▸ Data excerpt:
□ □ □ □

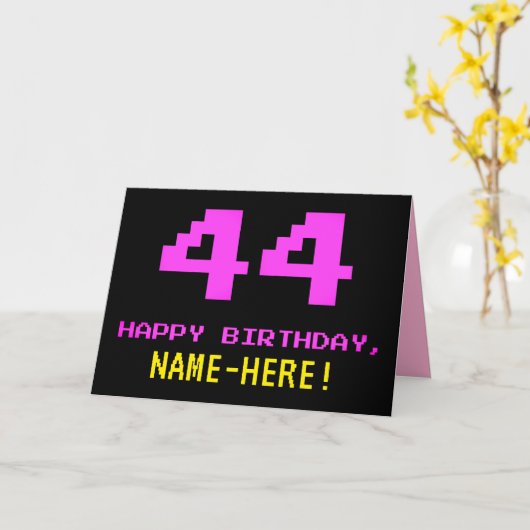 Carte Amusant, Nerdy, Geeky, Rose, 8 bits Style 44e anni (Fleur jaune)
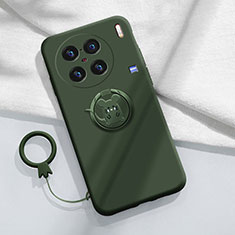 Ultra-thin Silicone Gel Soft Case Cover with Magnetic Finger Ring Stand S01 for Vivo X90 5G Midnight Green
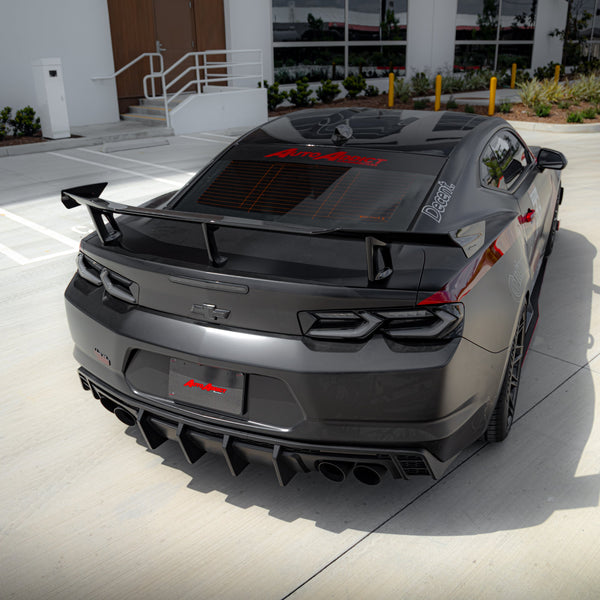 2016-2025 Chevy Camaro Evo Style Shark Fins Rear Diffuser Quad/Single Tips SS/RS/LT & ZL1 w/ Smoke Reflectors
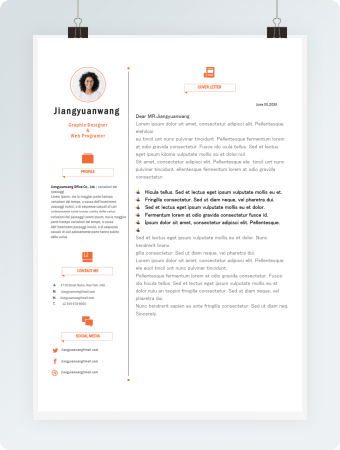 简约橙色网页设计英文简历word模板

□ □ □ □

▸ What you will do: This exercise asks for the data above to be given again exactly, without pictures.

▸ Your solution:
 Carte Amusant, Nerdy, Geeky, Rose, 8 bits Style 44e anni (Fleur jaune)
 Ultra-thin Silicone Gel Soft Case Cover with Magnetic Finger Ring Stand S01 for Vivo X90 5G Midnight Green
 2016-2025 Chevy Camaro Evo Style Shark Fins Rear Diffuser Quad/Single Tips SS/RS/LT & ZL1 w/ Smoke Reflectors
 简约橙色网页设计英文简历word模板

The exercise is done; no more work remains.